Bon, je trouve l’utilisation qu’elle fait de cette automesure assez irrationnelle. Ses « doutes » ne correspondent en effet à rien de bien objectif. En définitive, elle a fait cette démarche pour se rassurer, par crainte des accidents hémorragiques.
Cette utilisation peu optimale est due au fait qu’elle n’a jamais parlé de sa démarche à quiconque, ni à son généraliste, ni à son cardio. Je lui ai demandé en souriant si elle n’avait pas peur que je la dénonce à ce dernier. Elle a fait un joli mot/lapsus en disant que le secret de la confession était sacré.
Je viens de vous exposer la limite de sa démarche qui n’a jamais été optimisée, sans même parler d’être visée, par un professionnel de santé. Ce sera ma seule critique.

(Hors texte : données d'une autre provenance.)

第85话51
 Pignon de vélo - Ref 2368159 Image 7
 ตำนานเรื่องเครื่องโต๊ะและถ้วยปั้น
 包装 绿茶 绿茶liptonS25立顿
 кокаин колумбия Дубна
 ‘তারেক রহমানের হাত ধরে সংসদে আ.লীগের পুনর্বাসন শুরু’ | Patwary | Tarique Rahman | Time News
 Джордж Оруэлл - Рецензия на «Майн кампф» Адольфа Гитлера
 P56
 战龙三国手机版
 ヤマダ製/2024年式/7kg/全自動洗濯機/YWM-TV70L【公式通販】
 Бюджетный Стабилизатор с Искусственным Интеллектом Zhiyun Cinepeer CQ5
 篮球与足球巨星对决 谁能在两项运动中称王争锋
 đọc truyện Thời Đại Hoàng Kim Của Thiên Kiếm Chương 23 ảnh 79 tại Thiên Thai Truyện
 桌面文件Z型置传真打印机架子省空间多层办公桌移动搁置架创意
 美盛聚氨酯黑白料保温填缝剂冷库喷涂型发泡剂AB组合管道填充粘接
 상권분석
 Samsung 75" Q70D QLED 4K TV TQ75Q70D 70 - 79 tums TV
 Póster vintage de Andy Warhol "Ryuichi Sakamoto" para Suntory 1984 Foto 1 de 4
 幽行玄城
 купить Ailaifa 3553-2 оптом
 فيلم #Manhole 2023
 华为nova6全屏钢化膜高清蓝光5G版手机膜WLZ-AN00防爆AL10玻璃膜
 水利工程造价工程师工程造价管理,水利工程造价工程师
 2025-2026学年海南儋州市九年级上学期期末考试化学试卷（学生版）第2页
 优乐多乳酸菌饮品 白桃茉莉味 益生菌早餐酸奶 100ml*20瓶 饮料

Car j’ai admiré l’ensemble de sa démarche et sa quête de l’appareil idéal sur internet.
Elle m’a cité son point de départ, la métaanalyse du Lancet en donnant même correctement les OR pour la diminution des hémorragies majeures (!!). Elle a vite trouvé que la technique est surtout développée en Allemagne. Elle a donc ciblé son appareil sur un site marchand germanique en se faisant traduire les textes par l’ami prof d’allemand d’un membre de sa famille. Elle a comparé les prix, lu les critiques et commandé son appareil.
Je lui ai donné quelques conseils, et une excellente référence sur le sujet, le site d’Agnès Pelladeau, AVK Control (j’en avais déjà parlé ici). La HAS a par ailleurs publié en 2009 une très bonne synthèse sur le sujet.
Il ne faudrait pas que les patients aient peur de nous parler de leur quête d’indépendance. Car c’est finalement de cela qu’il s’agit. Certains patients veulent chercher des informations, voire des prises en charge, par eux-même, sans passer par leurs professionnels de santé. Parfois, nous nous conduisons a contrario en parents sur-protecteurs en interdisant à nos patients d’aller explorer le vaste monde par eux-mêmes, ou, ce qui revient au même, en leur faisant peur. Et eux se conduisent en gamins qui ont fait l’école buissonnière ou une connerie et n’osent pas le dire. J’emploie cette analogie parents/médecins et enfants/patients à dessein car bien que je m’y sois toujours opposé, c’est exactement ça. Et chacun joue parfaitement son rôle, même à son corps défendant…
Finalement, la santé 2.0, le e-patient et toutes ces nouveautés qui font les choux gras des organisateurs de congrès et des administrateurs de sites santé ne sont que la transposition d’un schéma ultra-classique.
Reste que le problème est quotidien et d’autant plus insoluble qu’il est atavique.
Nous devons conseiller nos patients, pas leur ordonner, leur montrer les pièges, pas les faire disparaître, leur donner des outils, pas les produits finis, voire, niveau supérieur, les responsabiliser en stimulant leur désir d’indépendance.